2. Encryption? What if two or more friends don't want their Wave to be sitting unencrypted on a server forever or even for a short time? This will need to be worked out, especially the real-time character delivery if each character needs to be encrypted before being sent.
True, email is rarely (statistically speaking) actually encrypted, but it's a well studied and implemented problem.
2. This is the way the email should work as it will, in my opinion, eliminate a lot of spam or unwanted email from anonymous people / bots.
3. Combining email/IM/Documents is brilliant. So, so overdue.
4. This could be a solid platform / solution for keeping track of multiple ID's on social networks and blogs and updates being funneled in.
But seriously, I'm thinking we would have to learn new ways of preserving and purging communication and not along the lines of a linear thread (however that works).
I don't know until I've tried but its very similar to days of cobol programming where everything runs top down then we went client server programming and everything was based on an event. So there was a rethinking of how things work. This will be one of those arcs in thinking. I initially struggled with gmail threads not realizing I was deleting an entire thread when I thought I was deleting just the last correspondence.
I'm sure there will be holes in their theory initially as to be expected. I give them thumbs up for not going along with everybody else and innovating.
Be aware that there are 2 Google Groups (yes, one day they'll be Waves... ;-) ), discussing these issues with active participation from Googlers working on Wave. Come and join in the fun (and bring these questions / comments)!
One is a group covering the Wave APIs (Embed API, Gadget API, Robot API):
http://groups.google.com/group/google-wave-api?hl=en
The other is a group covering the Wave protocol (client<->server, server<->server - which is based on XMPP/Jabber, just like Google Talk):
http://groups.google.com/group/wave-protocol?hl=en
Cheers,
- Bill
I'm looking forward to a more general release of Google Wave so more of us can try it out.

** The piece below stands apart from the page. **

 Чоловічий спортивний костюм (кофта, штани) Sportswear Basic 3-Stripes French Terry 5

And if you see zero business value on this, don't worry. Someone else will see them and will take advantage of them.
Obviously just because of the much wider scope of applications a Wave App Store (dont bother the domain has been registered already) has the potential to be huge and even bigger than the iPhone App Store.
Does anyone have any thoughts about how third party developers could charge for the use and license of their Wave App Robots?

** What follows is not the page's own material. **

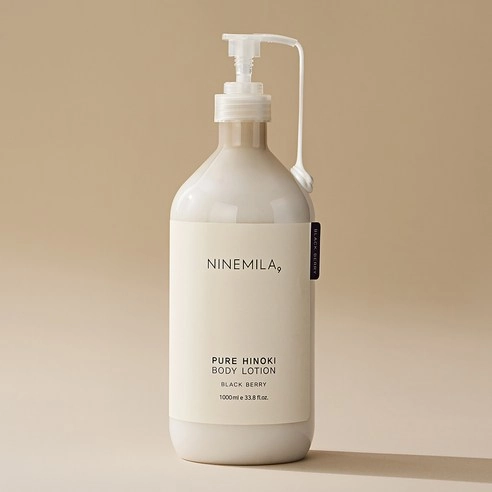 Pure Hinoki Treatment [Blackberry], 1,000ml, 1pack - Image 6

I was at BarCampNYC4 on saturday morning and in 15 minutes of brainstorming the ones i came up with was a 'CNBC' wave robot that would insert into any document real time financial information about a company where a financial ticker symbol was implemented into a Wave enabled document.
Another one was an IMDB robot where the name of any actor, producer or film title could import real time information directly from the landing page of the IMDB content into your email/content.
Obviously both of these 'are traffic generating' so could be given away from BUT what about third part Wave Robot developers?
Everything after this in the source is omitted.